Minority languages, such as Gaelic, are being boosted by growing numbers of multilingual students from foreign countries choosing to study or attend specialist schools in Edinburgh and Glasgow.
New Speaker Network
This is one of the discoveries that forms part of a research project being led by Heriot-Watt University. The project has been set up to unpick assumptions about non-native 'new speakers' of languages within Europe.
Researchers will also study the subconscious assumptions that native speakers make when hearing accents or non-standard use of words or phrases, an increasingly common occurrence as people move across European borders with relative ease for study, work or leisure.
Dr Bernadette O'Rourke of Heriot-Watt University will head up a New Speaker Network as part of a four year, EU-funded initiative to identify key issues in multilingualism. A 'new speaker' is defined as a multilingual person who adopts a new language other than their native one.

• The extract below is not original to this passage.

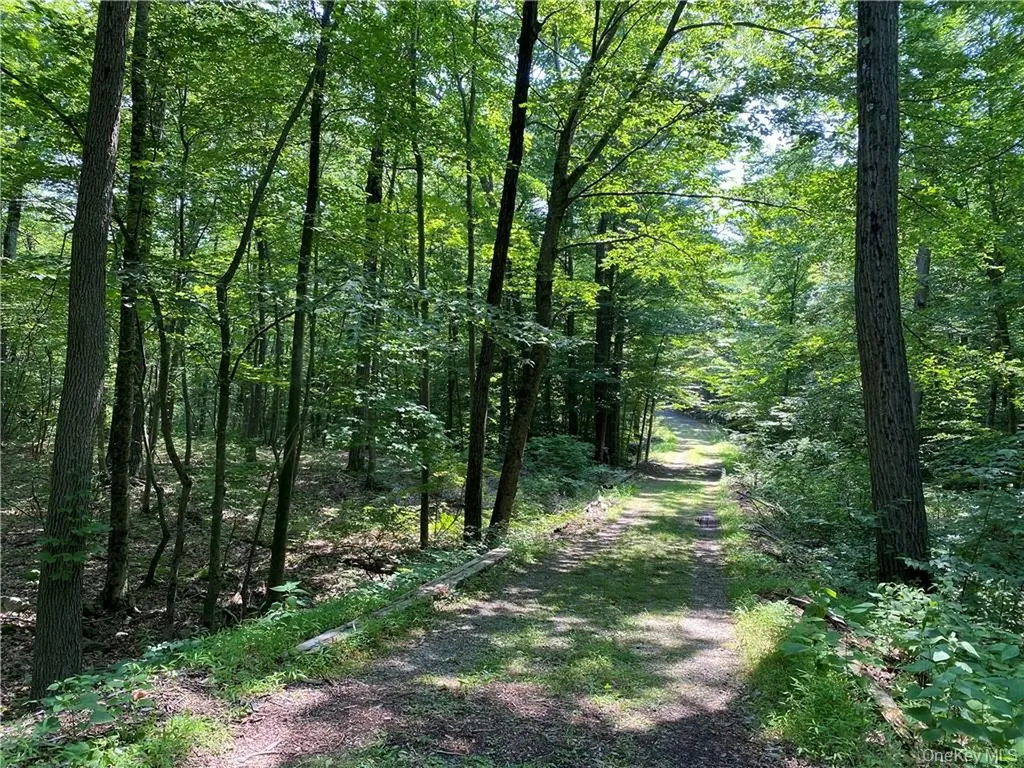 554 & 545 E Mountain Road N Cold Spring NY 10516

At a time when the UK Government is considering using language fluency as a key factor in delivering benefits and other support, then I think we should be considering what that means and how it might impact, and also how countries with far more exposure to different language groups embrace multilingualism.

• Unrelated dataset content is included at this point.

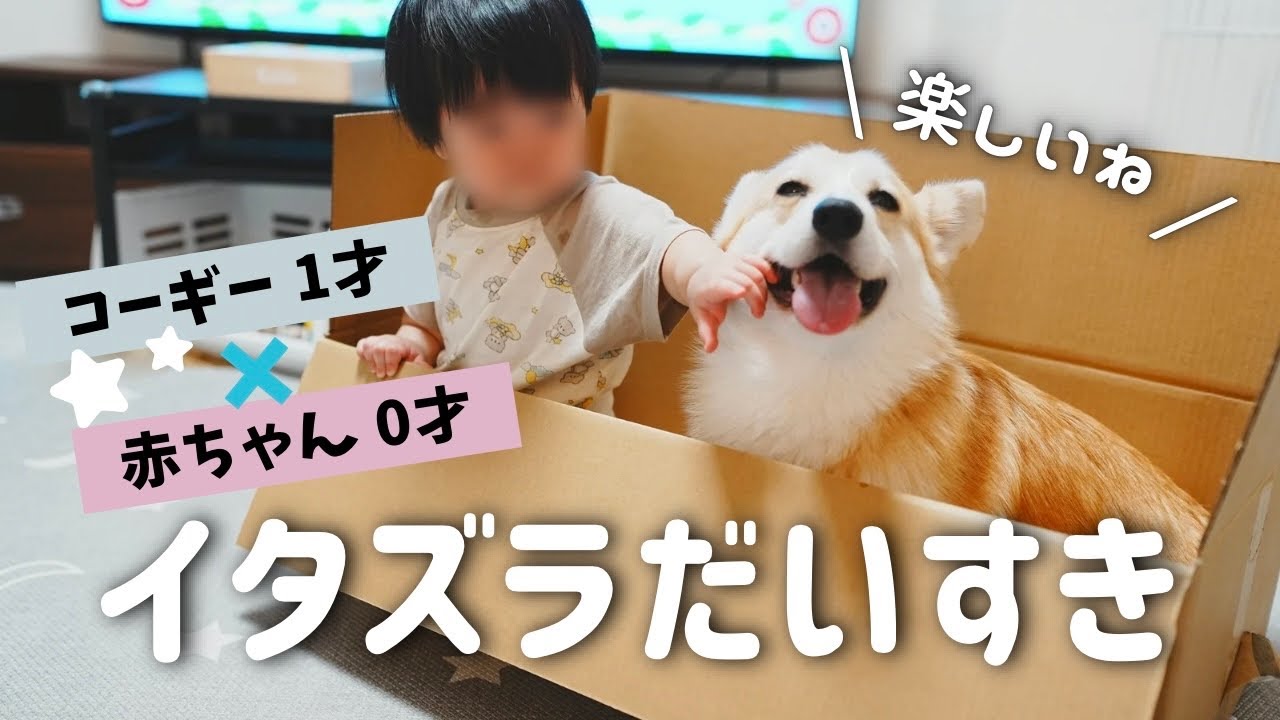 犬と赤ちゃんが息ぴったりの協力プレー😂w イタズラが楽しくて仕方ないお転婆姉妹【コーギー犬】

She said, "There is less emphasis in the UK on acquiring other languages, particularly compared to mainland Europe. These workgroups have been set up to research topics such as identifying the barriers for new speakers, even those who would consider themselves fluent. For example, certain services may be withheld because language skills are judged inadequate, yet these assessments may be very subjective.

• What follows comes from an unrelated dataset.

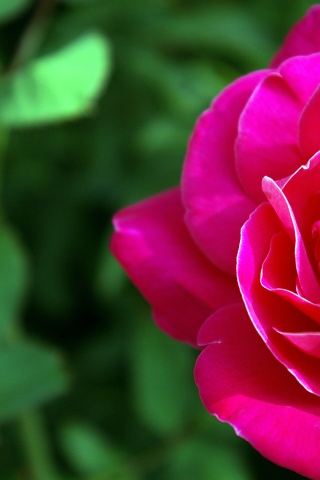 Для тебя обои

"Another area of interest is looking at the growing evidence that indigenous minority languages such as Gaelic are being boosted by new speakers in urban areas such as Glasgow and Edinburgh. These are people who are not traditional native speakers of the language or who are not born in Scotland. Hearsay evidence is showing that children whose first language is German, Spanish or Italian, for example, are attending mainstream Gaelic schools and we would like to look further into this trend. We want to study whether being multilingual throws new light on attitudes to minority local languages.
"At a time when the UK Government is considering using language fluency as a key factor in delivering benefits and other support, then I think we should be considering what that means and how it might impact, and also how countries with far more exposure to different language groups embrace multilingualism."
The research will consider:
- Immigrant communities, where becoming a 'new speaker' of a language is often essential to participating in the economic, social, political and artistic life of their new host community
- Transnational workers, who to varying degrees invest in multilingualism at work, at home and through the cultural products they consume
- Regional linguistic minorities, where there are now growing numbers of 'new speakers' who as a result of revitalization projects have learned their heritage languages outside of the home through formal schooling or as adults
The first working groups will meet in Edinburgh on 6-7 March to start the formal research. The New Speakers Network has been funded by COST, an intergovernmental framework for European Cooperation in Science and Technology and the project will run for four years.
Representatives from 20 countries across Europe are expected to attend the first workshops at Heriot-Watt University.